Kenny’s privileged existence means that he behaves inappropriately and treats people terribly. He treats Cassie, his sister-in-law, like she’s his maid, and generally behaves like he’s entitled to permanent residence in his brother’s home. He has so little ability to moderate his behavior around his nephews that one of them begins to see him as a nightmare figure. He frames Stevie, the high school band geek who continues to idolize him, for drunk driving, explaining that he’s got to flee the scene “’cause I got priors.”
But being constantly accommodated has left Kenny with precisely zero sense of how to comport himself in situations that require subtlety or accurate communication. “Fuck time,” he tells Cassie, after they try to sell his memorabilia on eBay with little luck. “I know my past is more valuable than seven bucks.” But it can’t buy him financial security, and it can’t make up for social skills he spent years not developing. After he insults Cassie in a moment of passion, he tells his brother Dustin, “I just have a very hard time expressing my emotions and I can’t stop from yelling.” He can’t stop himself from telling Terrence, the principal who is his boss and engaged to his former girlfriend and fellow teacher April, “You know, I took April’s virginity,” but he does try to walk it back, telling Terrence “I said I don’t want a smoothie,” when Terrence mishears him. Kenny would love to be back in a place where he doesn’t have to feel guilt, or discomfort, or regret. After his attempt at acting as a celebrity spokesman for a local car dealership goes sour, he declares “I’m not an ape. I’m a professional ballplayer. I need to be around people who understand that.” But he recognizes, regretfully, that “I guess Kenny Powers ain’t what it used to be.”
It’s ridiculous that Kenny’s been allowed to get away with being a horrible, inconsiderate person for so wrong. But as a portrait of what privilege denies its recipients, Eastbound & Down is undeniably powerful.

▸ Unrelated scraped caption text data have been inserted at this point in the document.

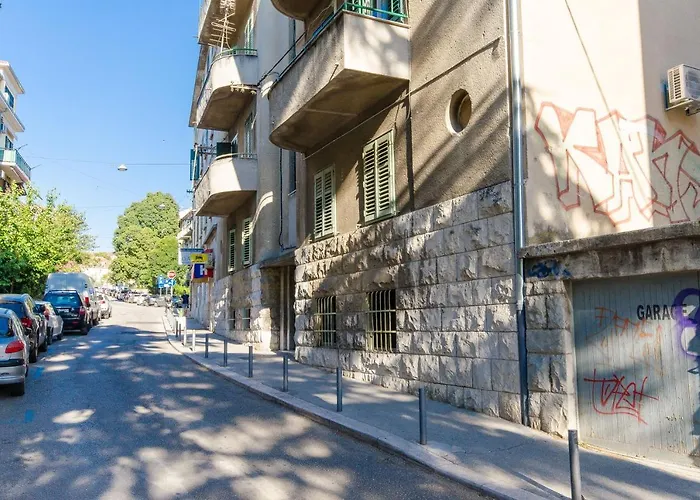 Guest House Levanda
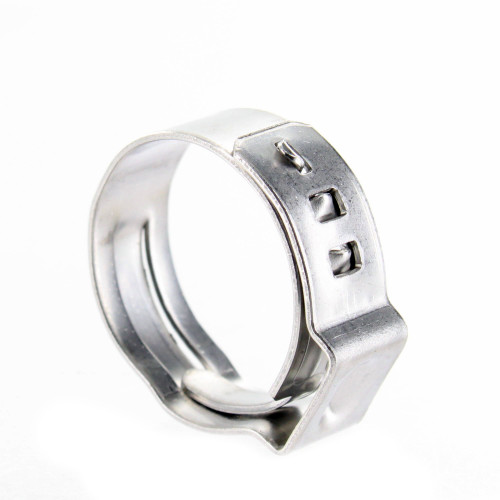 Johnson Evinrude OMC New OEM Hose Clamp 25.6 mm, 54-855228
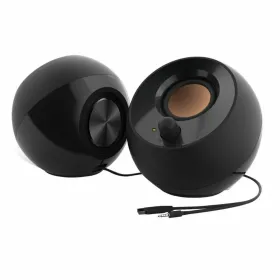 Skaļruņi Creative Technology 51MF1680AA000 Melns 4 W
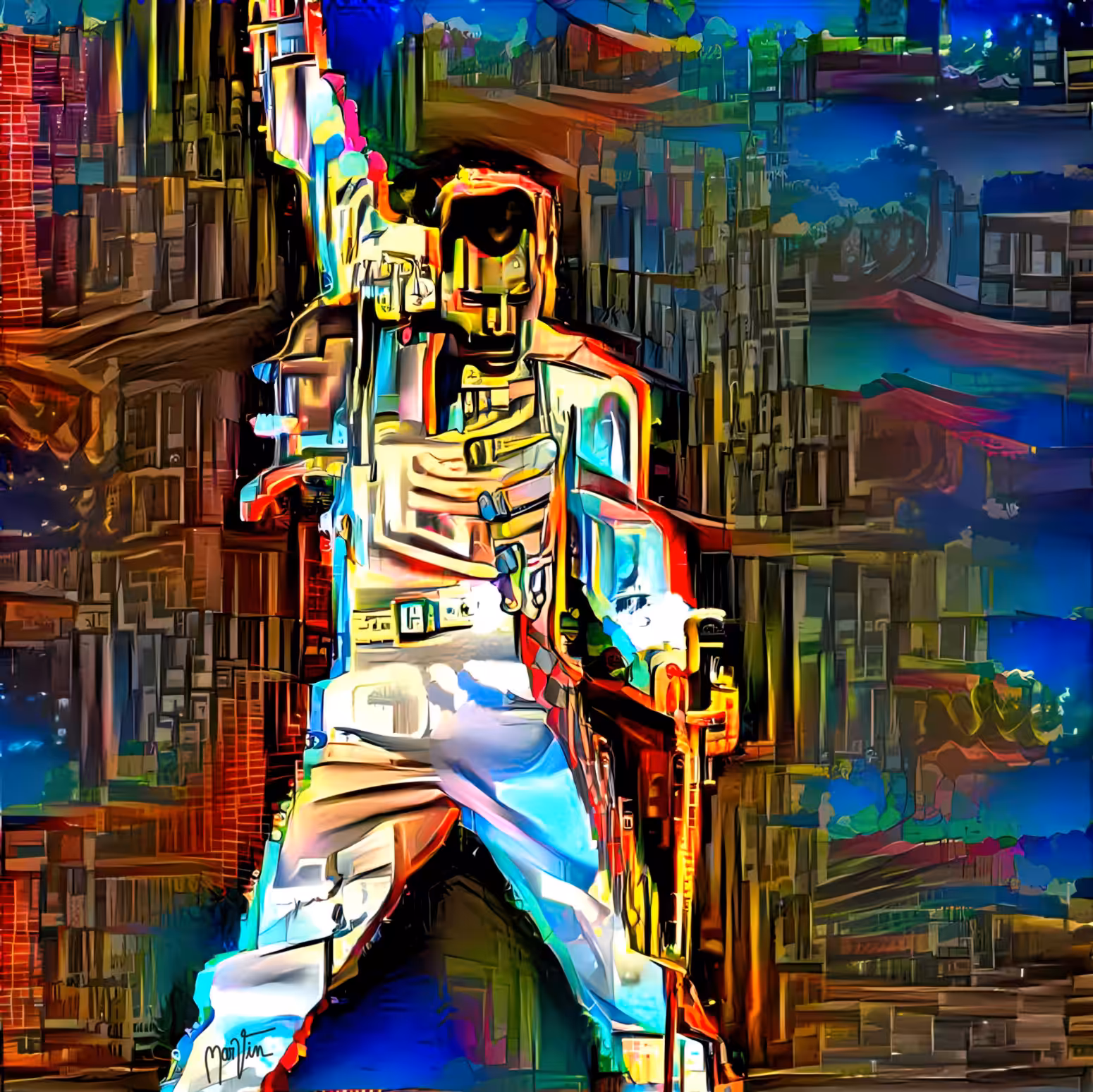 Freddie Mercury Forever™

Kenny may not be suffering from repeated concussions, or have lost a fortune to gambling. But he’s incapacitated none the less. The people around him may be victimized because their niceness means they can’t respond to Kenny’s ridiculousness in kind—”We bestow our feelings of love towards you by being generous,” Cassie says through gritted teeth. But when Kenny actually wants something from someone who doesn’t need to put up with him, he’s utterly at a loss, pathetic in the same proportion he once was powerful.